Here is another in which several very curious motions are reproduced. This beautiful little mechanical toy ([Fig. 26]) represents a circus girl riding round the ring, and occasionally leaping over a bar or bowing to the audience, while the prancing action of the horse is ingeniously imitated. The motive power is derived from the spinning of a top or fly-wheel, supported in a frame attached to the bar to which the horse is fixed; and, as the spindle of the top spins on the bevel edge of the circular base, the horse is caused to gallop round in a circle, and, being supported on the table by a roller mounted eccentrically on its axis, it prances up and down as it runs. The equestrienne is attached to a light lever pivotted on the rotating frame and revolving with it. Twice in its revolution this lever is lifted by a cam, forming part of the base; the first lift causes the figure to give a little bow, and the second, which is much greater, makes her leap over the bar under which the horse runs. This little machine is one of the most mechanically ingenious of the modern automaton toys, and it is made at the cost of only a few pence.
Fig. 26.
The last I shall show you is this elephant. In this little machine we have a fly-wheel, which with its vertical shaft looks like an umbrella over the Nabob who sits on the top, the vertical shaft passes into the body of the elephant, and there by a simple frictional gearing, rotates a couple of cranks to which the legs are connected.

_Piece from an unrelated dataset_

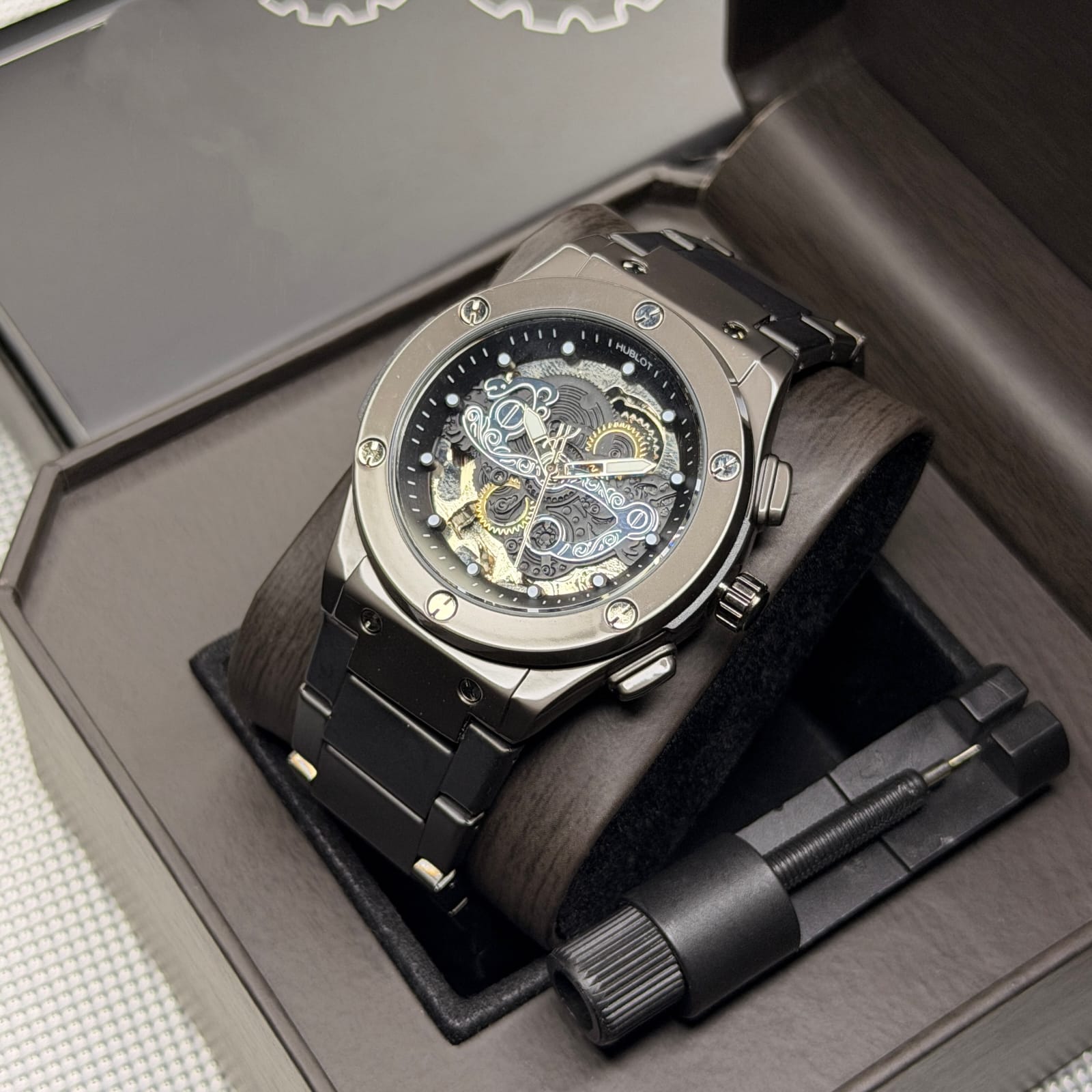 Hublot Chain WATCH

The effect of spinning the umbrella is therefore merely to move the legs backwards and forwards; and, if that were all, no progression could be effected; but each foot rests on a little wheel or roller, which can only rotate in one direction so that while it catches the ground in its backward stroke it rolls freely over it while it is moving forward, and thus each leg in its turn contributes to the progressive movement of the toy.
Now I have come to the end, and it only remains to me to thank you all for having supported me by your presence in such numbers to-night, and to say to you in the words of Othello:
“It gives me wonder great as my content, To see you here before me.”